Dataset extract
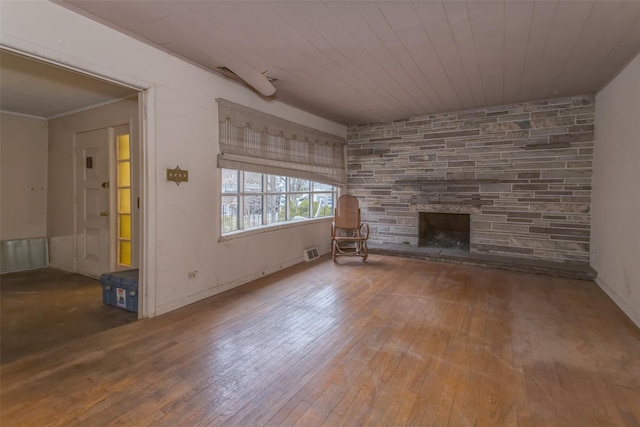 unfurnished living room with visible vents, a stone fireplace, hardwood / wood-style floors, and ornamental molding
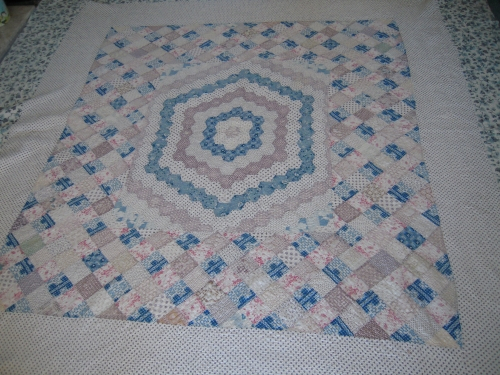Pink white and blue patchwork quilt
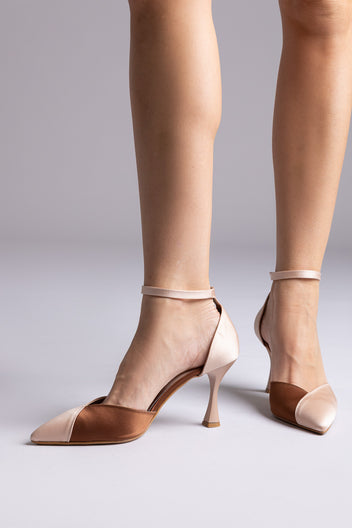 Blush pink and caramel brown pointed ankle-strap pumps with flared heels, worn by a model in front view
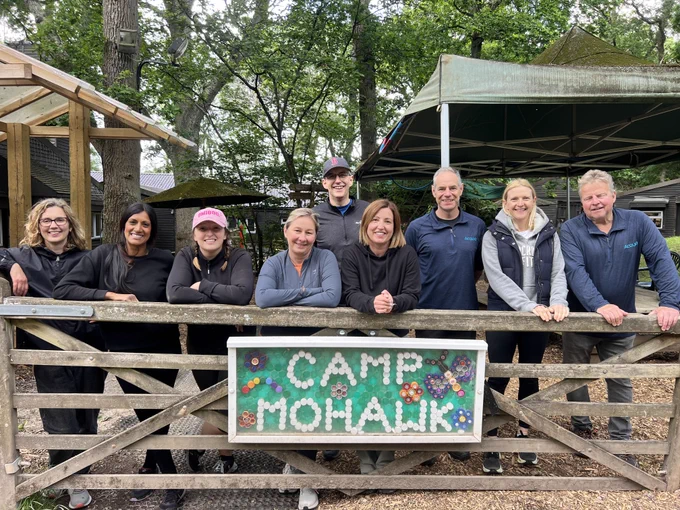 Group of people standing behind a wooden gate with a colorful 'Camp Mohawk' sign in a forested outdoor setting.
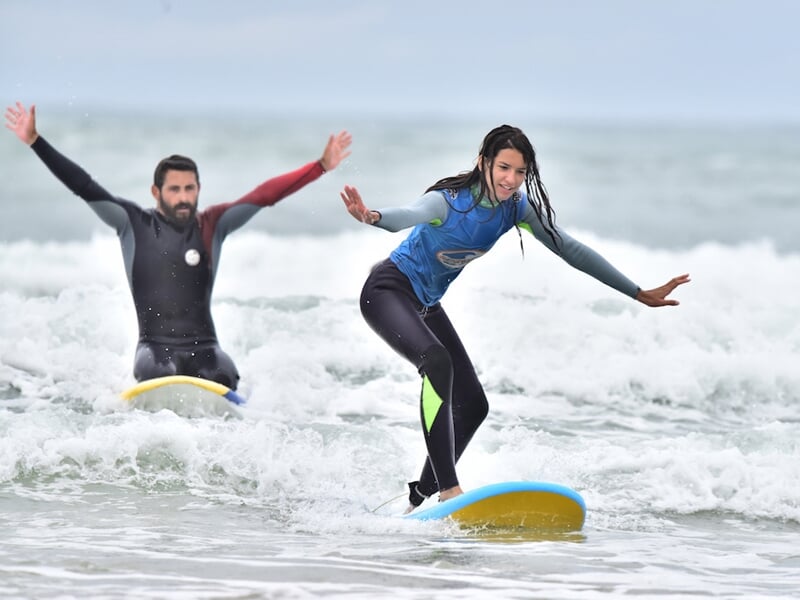 Un homme et une jeune fille surfent sur des petites vagues, tous deux en combinaison, souriants et concentrés.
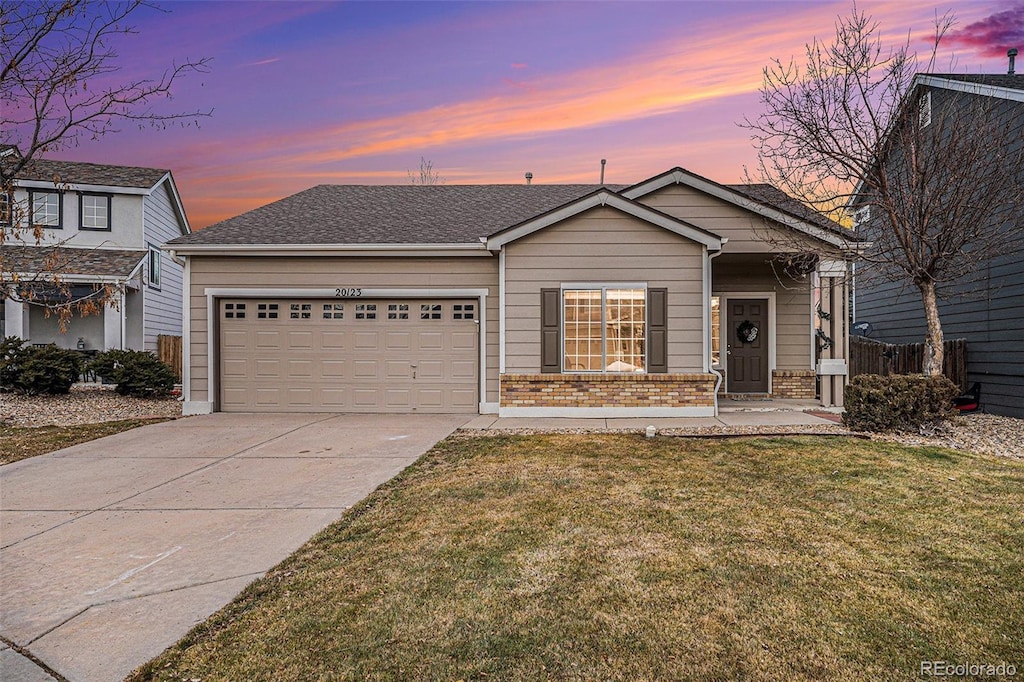 view of front of home with a garage and a lawn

Aim of the exercise
The line that contains "Blush pink and" begins the range and the last line of the entries ends it; print that range exactly, without pictures.

Written solution
 Blush pink and caramel brown pointed ankle-strap pumps with flared heels, worn by a model in front view
 Group of people standing behind a wooden gate with a colorful 'Camp Mohawk' sign in a forested outdoor setting.
 Un homme et une jeune fille surfent sur des petites vagues, tous deux en combinaison, souriants et concentrés.
 view of front of home with a garage and a lawn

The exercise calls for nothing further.